Each volume (there are eleven in the series to date) tells the story of a city through its unique locations, hidden corners and unusual objects. My audience like the books is a niche one: independent cultural travellers.
Prior to 2003 I worked in publishing but on the sales side selling other writers’ books, notably for the likes of Lonely Planet — valuable experience when it came to creating and selling my own books.
What drew me to travel writing in the first place, however, was the mind-set of my parents and grandparents. Librarians, teachers, travellers and historians, they embedded in me an endearing curiosity about how and where we live — and how our predecessors did so before us.

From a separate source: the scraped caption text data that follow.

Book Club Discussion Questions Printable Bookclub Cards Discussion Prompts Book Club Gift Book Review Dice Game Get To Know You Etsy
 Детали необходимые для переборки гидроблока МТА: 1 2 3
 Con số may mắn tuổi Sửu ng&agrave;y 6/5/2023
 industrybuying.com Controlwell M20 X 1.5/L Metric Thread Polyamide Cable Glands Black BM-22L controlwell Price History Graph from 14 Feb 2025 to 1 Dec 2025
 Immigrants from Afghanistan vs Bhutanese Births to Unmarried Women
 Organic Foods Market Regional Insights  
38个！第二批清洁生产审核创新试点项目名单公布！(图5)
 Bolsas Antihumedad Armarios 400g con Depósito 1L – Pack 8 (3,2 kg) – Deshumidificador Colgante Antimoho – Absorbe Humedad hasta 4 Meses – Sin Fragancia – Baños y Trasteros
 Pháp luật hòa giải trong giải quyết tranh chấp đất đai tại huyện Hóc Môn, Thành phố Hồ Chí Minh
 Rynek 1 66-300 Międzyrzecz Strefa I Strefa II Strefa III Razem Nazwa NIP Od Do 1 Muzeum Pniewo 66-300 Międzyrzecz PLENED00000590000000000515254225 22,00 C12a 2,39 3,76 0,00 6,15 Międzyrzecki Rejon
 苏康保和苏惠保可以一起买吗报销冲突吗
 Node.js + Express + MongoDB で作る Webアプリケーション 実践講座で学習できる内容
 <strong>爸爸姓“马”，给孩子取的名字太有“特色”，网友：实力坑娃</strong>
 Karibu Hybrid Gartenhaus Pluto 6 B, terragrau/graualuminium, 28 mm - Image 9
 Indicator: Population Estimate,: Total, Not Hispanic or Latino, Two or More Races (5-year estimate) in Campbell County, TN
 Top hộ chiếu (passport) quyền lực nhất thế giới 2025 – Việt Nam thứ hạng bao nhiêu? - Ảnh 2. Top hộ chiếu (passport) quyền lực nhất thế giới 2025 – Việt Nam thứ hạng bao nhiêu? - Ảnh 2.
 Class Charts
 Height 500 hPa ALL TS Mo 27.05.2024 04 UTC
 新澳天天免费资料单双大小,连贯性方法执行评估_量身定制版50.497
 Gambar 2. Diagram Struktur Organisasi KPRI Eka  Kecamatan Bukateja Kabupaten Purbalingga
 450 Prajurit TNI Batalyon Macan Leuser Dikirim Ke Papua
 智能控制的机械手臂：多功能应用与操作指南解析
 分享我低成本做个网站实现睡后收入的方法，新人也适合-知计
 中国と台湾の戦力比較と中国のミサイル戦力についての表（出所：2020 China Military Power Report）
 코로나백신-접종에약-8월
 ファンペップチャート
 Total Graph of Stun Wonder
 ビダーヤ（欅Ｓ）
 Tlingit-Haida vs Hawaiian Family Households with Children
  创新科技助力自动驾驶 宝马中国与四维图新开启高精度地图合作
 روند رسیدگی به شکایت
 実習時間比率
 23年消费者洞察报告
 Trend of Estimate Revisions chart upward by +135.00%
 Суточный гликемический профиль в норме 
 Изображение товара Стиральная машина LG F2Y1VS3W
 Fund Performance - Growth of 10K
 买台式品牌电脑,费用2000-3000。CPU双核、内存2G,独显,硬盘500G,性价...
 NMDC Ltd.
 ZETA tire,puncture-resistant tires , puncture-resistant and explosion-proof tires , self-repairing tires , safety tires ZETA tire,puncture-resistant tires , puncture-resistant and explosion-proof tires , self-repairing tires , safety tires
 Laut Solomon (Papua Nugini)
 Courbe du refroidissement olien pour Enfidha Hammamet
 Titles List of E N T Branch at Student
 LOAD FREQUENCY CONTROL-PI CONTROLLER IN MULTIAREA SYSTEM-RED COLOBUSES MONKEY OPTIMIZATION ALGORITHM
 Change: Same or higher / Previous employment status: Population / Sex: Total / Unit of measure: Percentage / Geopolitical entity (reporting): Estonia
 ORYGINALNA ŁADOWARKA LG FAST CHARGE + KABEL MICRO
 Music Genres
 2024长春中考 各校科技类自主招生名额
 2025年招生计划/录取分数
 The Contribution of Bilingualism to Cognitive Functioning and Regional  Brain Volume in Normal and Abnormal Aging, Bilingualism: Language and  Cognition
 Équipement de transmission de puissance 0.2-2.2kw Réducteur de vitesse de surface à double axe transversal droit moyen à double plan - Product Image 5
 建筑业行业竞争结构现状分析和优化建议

What recent examples of your work do you want to point people to?
My latest book is Only in Edinburgh published in late 2016 under my own imprint, The Urban Explorer.
When time permits I also write travel articles for print and digital media based either on my own travels or else particular areas of interest. Recent examples include a visit to the ruined military holiday resort of Kupari in Croatia for Hidden Europe magazine, and the story of British explorer Colonel Percy Fawcett, who vanished mysteriously in the Amazon Jungle in 1925.
Which piece of writing are you most proud of and why?
Having studied Ancient History and Archaeology at university I’ve long been acquainted with Greece. One region, however, always remained elusive, namely the Mani in the Southern Peloponnese.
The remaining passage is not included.